Result2 = A + B + A*B
Result3 = Result2 + (1 + Result2) * C

And we repeat that, so

Result2 = A + (1 + A) * B
Result1 = A
Result2 = Result1 + (1 + Result1) * B

Can you see the pattern? Let's use that with 4 values:

Result4 = A + B + C + D + A*B + A*C + A*D + B*C + B*D + C*D
        + A*B*C + A*B*D + A*C*D + B*C*D + A*B*C*D
        =      A + B + C + A*B + A*C + B*C + A*B*C
        + (1 + A + B + C + A*B + A*C + B*C + A*B*C) * D
        = Result3 + (1 + Result3) * D

Summary:

Result1 = A
Result2 = Result1 + (1 + Result1) * B
Result3 = Result2 + (1 + Result2) * C
Result4 = Result3 + (1 + Result3) * D

As code, this is:

private static long sumProduct(int... input) {
    long result = 0;
    for (int value : input)
        result += (result + 1) * value;
    return result;
}

Only one iteration, so O(n).

Test

System.out.println(sumProduct(2, 3));
System.out.println(sumProduct(2, 3, 5));
System.out.println(sumProduct(2, 3, 5, 7));

Output

11
71
575

UPDATE

Code can also be done using Java 8 Streams with a Lambda expression, using either IntStream.of(int...) or Arrays.stream(int[]) (they do the same).
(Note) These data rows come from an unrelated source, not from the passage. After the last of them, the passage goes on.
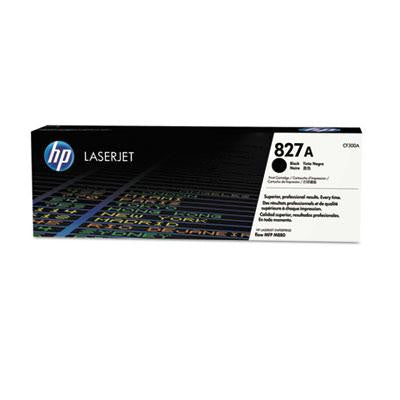 HP CF300A, CF301A, CF302A, CF303A Toner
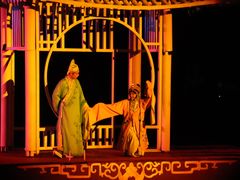 -寻梦滕王阁实景演出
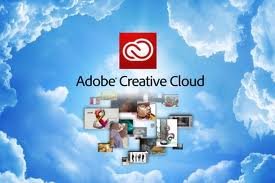 Adobe Creative Cloud С‚РµРїРµСЂСЊ РґРѕСЃС‚СѓРїРµРЅ РІСЃРµР?!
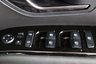 USED 2022 72 HYUNDAI TUCSON 1.6 T-GDi N Line S Euro 6 (s/s) 5dr SATNAV, CAMERA, 1 OWNER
// Using IntStream with result as int
private static int sumProduct(int... input) {
    return IntStream.of(input).reduce((a, b) -> a + (1 + a) * b).getAsInt();
}

// Using Arrays with result as long
private static long sumProduct(int... input) {
    return Arrays.stream(input)
                 .asLongStream()
                 .reduce((a, b) -> a + (1 + a) * b)
                 .getAsLong();
}